### AIM OF THE EXERCISE:
Exactly as written, copy every line from the one containing "for Festive Decor" through the end of the records, with the pictures left out.

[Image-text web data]
■ ■ ■ ■

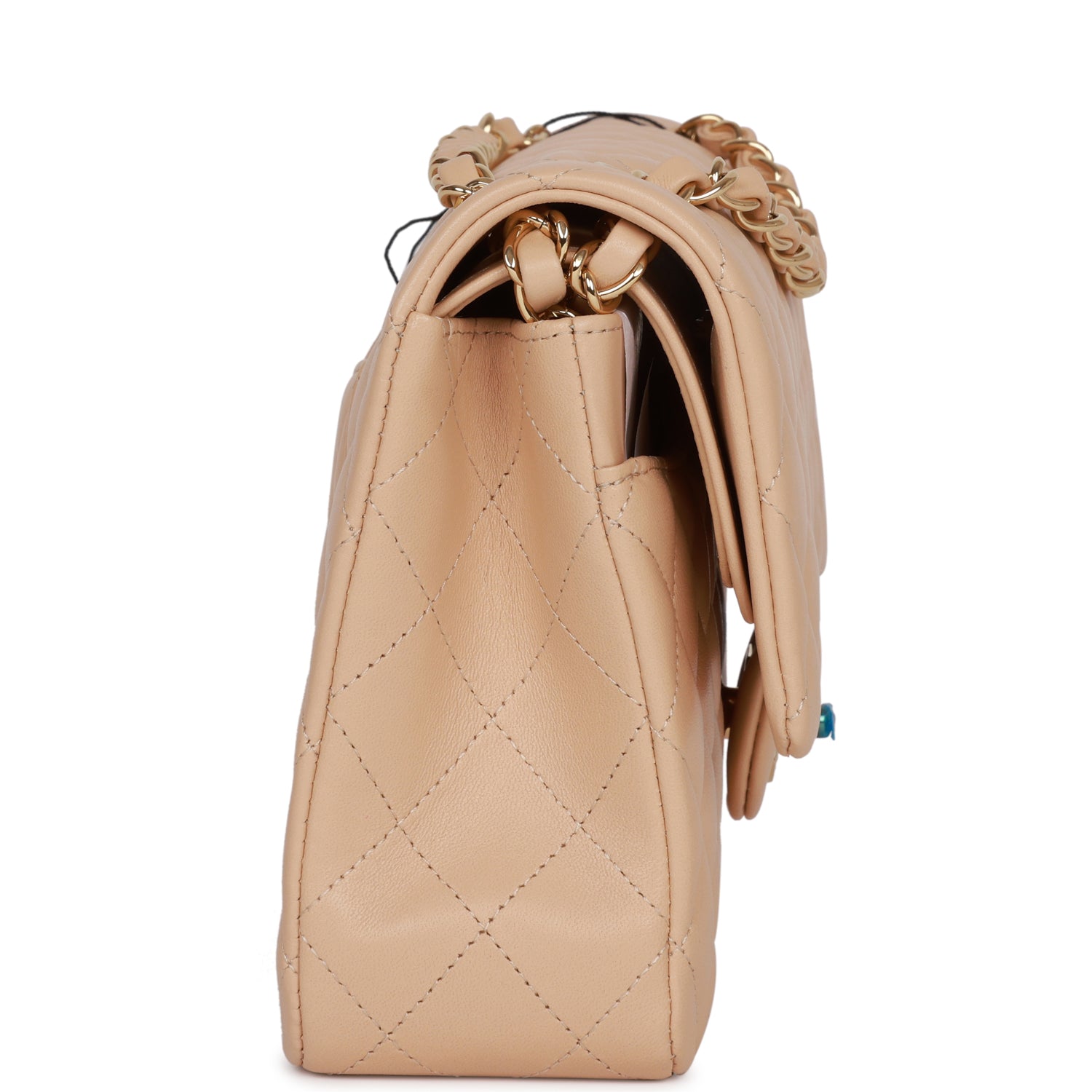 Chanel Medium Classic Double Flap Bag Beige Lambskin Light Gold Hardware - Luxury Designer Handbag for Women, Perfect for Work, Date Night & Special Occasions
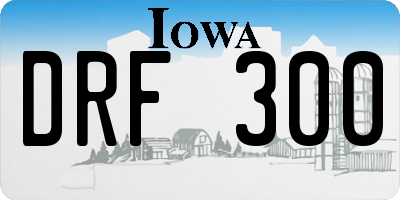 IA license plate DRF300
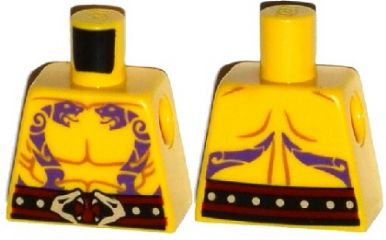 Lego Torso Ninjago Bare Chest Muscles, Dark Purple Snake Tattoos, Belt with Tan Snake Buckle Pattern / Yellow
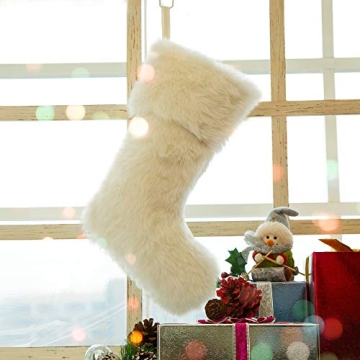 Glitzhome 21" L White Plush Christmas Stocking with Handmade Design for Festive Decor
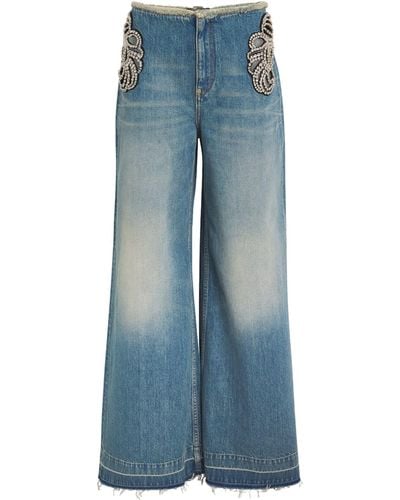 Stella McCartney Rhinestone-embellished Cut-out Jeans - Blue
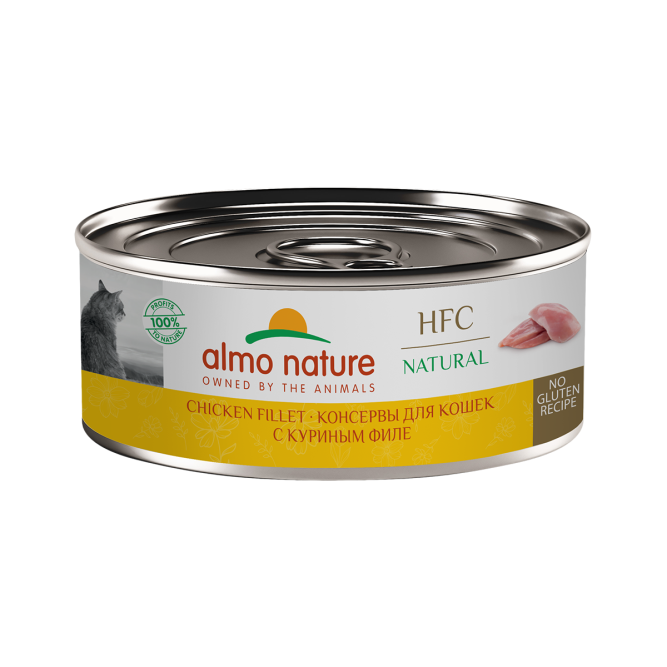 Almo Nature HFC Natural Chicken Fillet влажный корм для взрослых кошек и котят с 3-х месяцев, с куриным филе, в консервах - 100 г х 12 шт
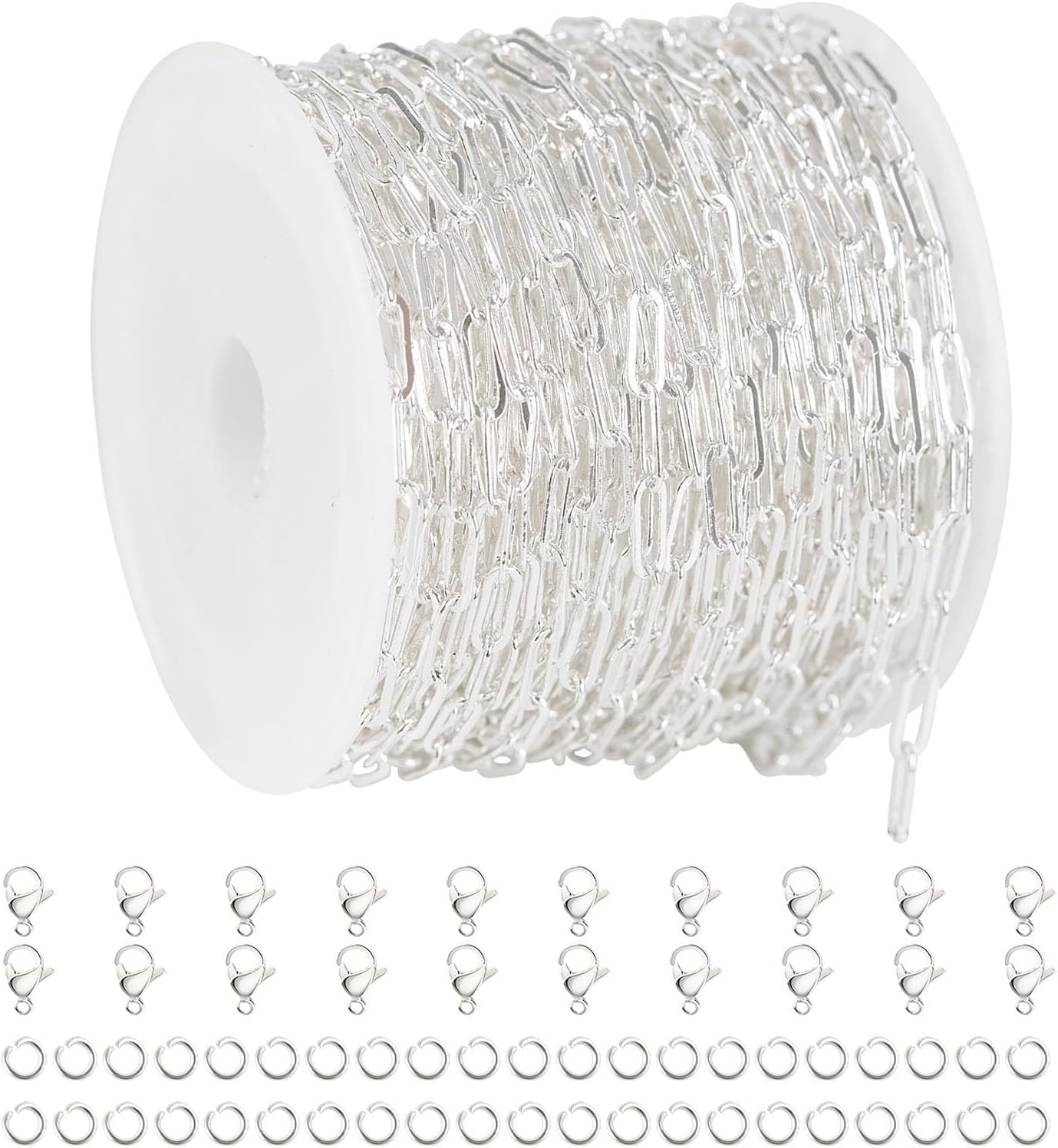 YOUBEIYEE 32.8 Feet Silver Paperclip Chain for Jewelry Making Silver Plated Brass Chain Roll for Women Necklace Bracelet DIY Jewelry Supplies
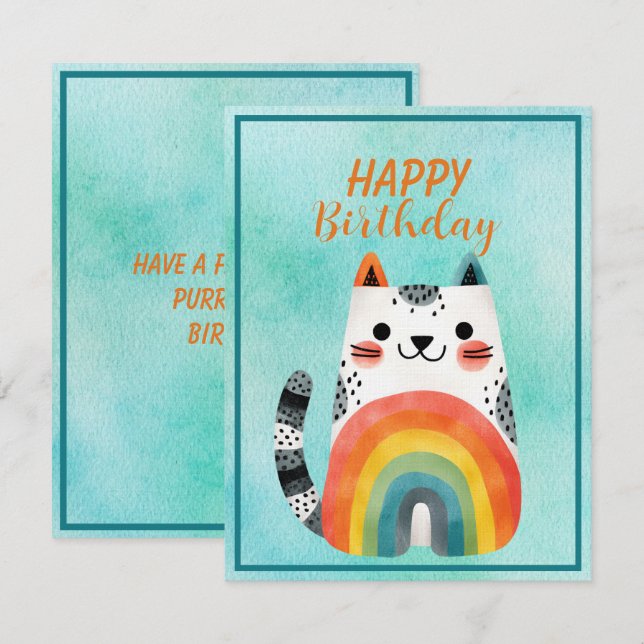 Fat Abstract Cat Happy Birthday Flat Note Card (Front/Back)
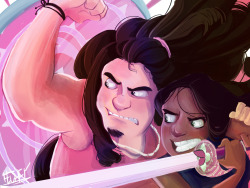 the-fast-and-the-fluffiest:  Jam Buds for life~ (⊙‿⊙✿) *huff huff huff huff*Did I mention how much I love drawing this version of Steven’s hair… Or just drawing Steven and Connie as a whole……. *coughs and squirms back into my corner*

■ ■ ■ ■

### YOUR RESPONSE:
 Glitzhome 21" L White Plush Christmas Stocking with Handmade Design for Festive Decor
 Stella McCartney Rhinestone-embellished Cut-out Jeans - Blue
 Almo Nature HFC Natural Chicken Fillet влажный корм для взрослых кошек и котят с 3-х месяцев, с куриным филе, в консервах - 100 г х 12 шт
 YOUBEIYEE 32.8 Feet Silver Paperclip Chain for Jewelry Making Silver Plated Brass Chain Roll for Women Necklace Bracelet DIY Jewelry Supplies
 Fat Abstract Cat Happy Birthday Flat Note Card (Front/Back)
 the-fast-and-the-fluffiest:  Jam Buds for life~ (⊙‿⊙✿) *huff huff huff huff*Did I mention how much I love drawing this version of Steven’s hair… Or just drawing Steven and Connie as a whole……. *coughs and squirms back into my corner*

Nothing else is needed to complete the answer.